That the Commission has not done more to implement the Draghi report is in large part the fault of foot-dragging by member-states. Although von der Leyen lacks economic expertise she has enough common sense to understand what is needed to make Europe more competitive – and to see that in her first term of office the Commission imposed too many onerous regulations on business.  
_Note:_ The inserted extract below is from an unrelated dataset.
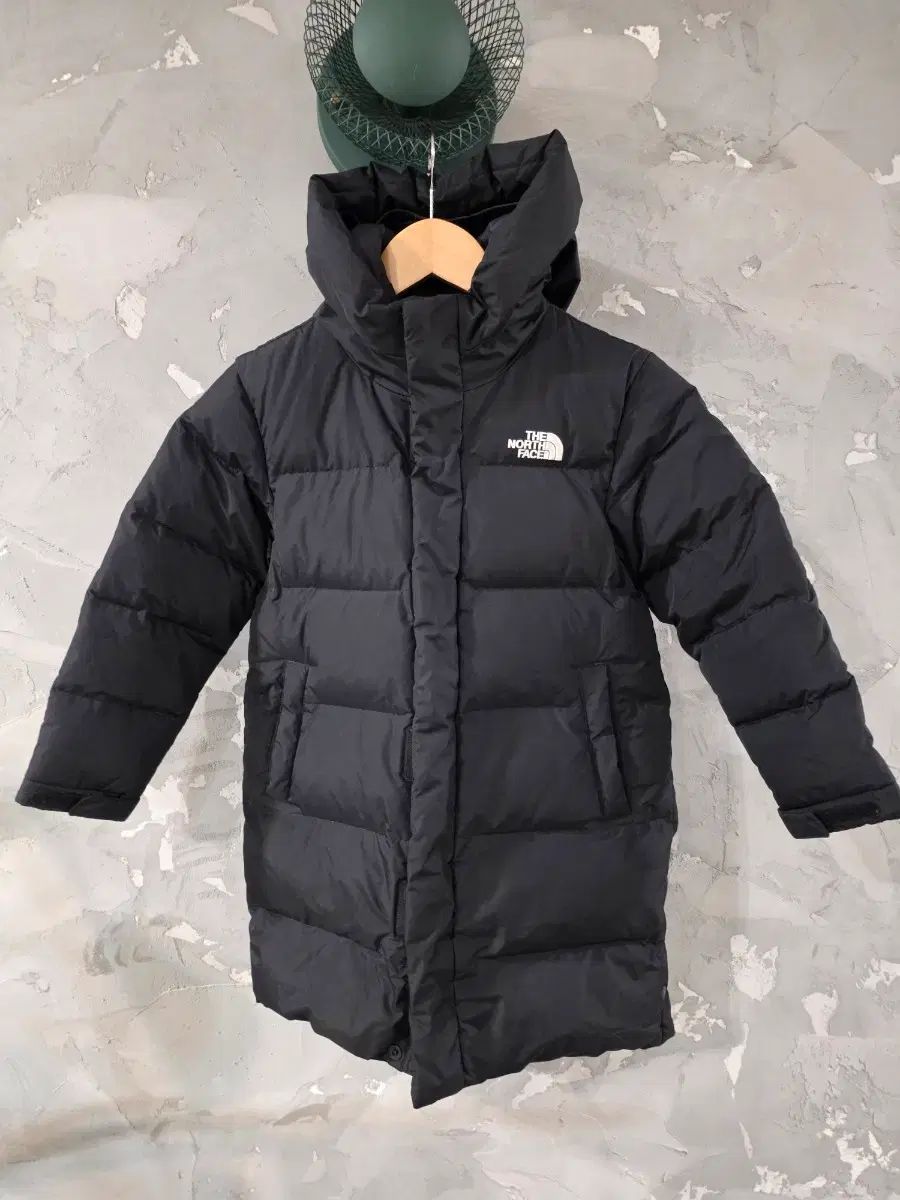 THE NORTH FACE ザノースフェイス キッズ ダウンジャケット ロング丈 ブラック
The Commission has gone further than I would have liked towards adopting French-style industrial policy – involving rules specifying EU-content requirements and sometimes old-fashioned protectionist tariffs. But in recent years the experiences of the Covid pandemic, the war in Ukraine, Chinese mercantilism and Donald Trump’s return to office have led many Europeans to worry about the security of supply chains, the risks of excessive dependency on particular countries and the need for Europe to become more self-reliant. Therefore elements of the EU’s shift towards industrial policy – such as the Critical Raw Materials Act, the Chips Act and the Net Zero Industry Act (which sets targets for the production of green technologies within the EU) – have attracted widespread support and can be justified. 
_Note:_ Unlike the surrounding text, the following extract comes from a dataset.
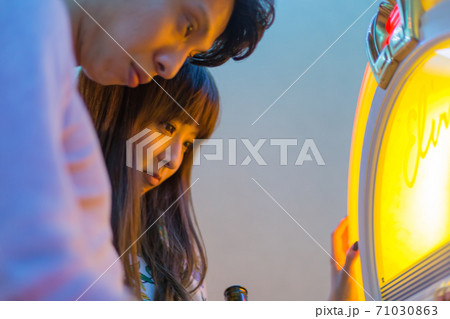 ジュークボックスを操作する日本人カップル 71030863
The Commission’s proposals for the next Multi-annual Financial Framework (MFF) – the EU budget from 2028-34 inclusive – are mostly good, seeking to curb spending on farming and regional aid, while boosting it for competitiveness and defence (see below). They also seek to link the provision of funds to the implementation of reforms by member-states. Given the political uncertainty and potential instability that besets many European countries, one can be thankful that the Commission is a relatively serious and sensible institution. 

The Channel narrows 

Russia’s leaders cheered when the British voted for Brexit. Whatever the rights and wrongs of Britain’s membership of the EU, Brexit weakened the West, by diminishing the EU’s military, diplomatic and economic potential. The often fraught and sometimes bad-tempered UK-EU relationship that persisted from 2016 to 2024 tarnished Europe’s global standing.  
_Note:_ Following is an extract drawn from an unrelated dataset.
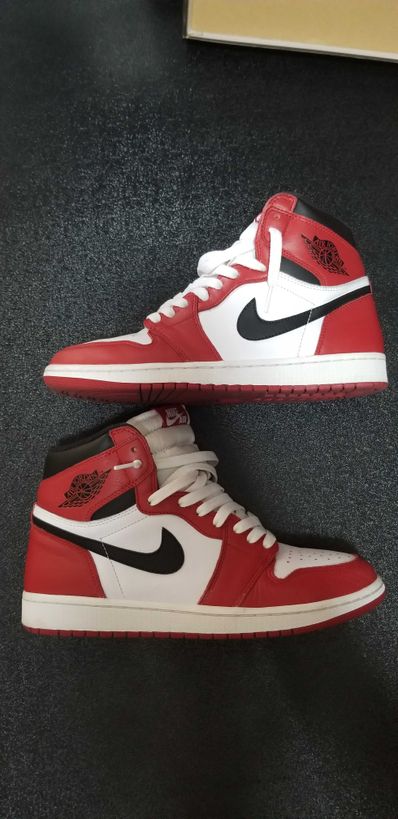 Nike Air Jordan 1 Retro High "Chicago" (2015)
But since Labour took office in July 2024 there has been a genuine rapprochement, particularly in discussions on Ukraine and security. The ‘E3’ format, bringing together the leaders of Britain, France and Germany, has emerged as an important factor in the Ukraine diplomacy. So has the ‘coalition of the willing’, a broader group co-chaired by Britain’s Prime Minister Keir Starmer and France’s President Emmanuel Macron. Starmer, Macron and Germany’s Chancellor Friedrich Merz have learned to trust each other. When it comes to the high politics of Europe’s response to the Ukraine war, it does not matter very much that Britain is outside the EU: they work together closely on topics such as sanctions, aid for Ukraine and frozen Russian assets. 

At the technocratic level, which matters a lot for UK-EU economic relations, the ‘reset’ has achieved much less. Starmer’s government took its time to work out what it wanted and has stuck to its red lines of no customs union, no single market and no freedom of movement – which constrains how far the reset can go. The EU also lacked ambition, placed relations with the UK low on its agenda, and sometimes said no to things that it had offered other partners in free trade agreements (such as mutual recognition of conformity assessment, or equivalence in financial services); and it sometimes emphasised to the British that they had chosen to leave and should not expect Brexit to be pain-free. Negotiations over the UK rejoining the single market for farm produce and electricity trading, and setting up a 'youth experience scheme' for young workers, should produce modest but useful results. 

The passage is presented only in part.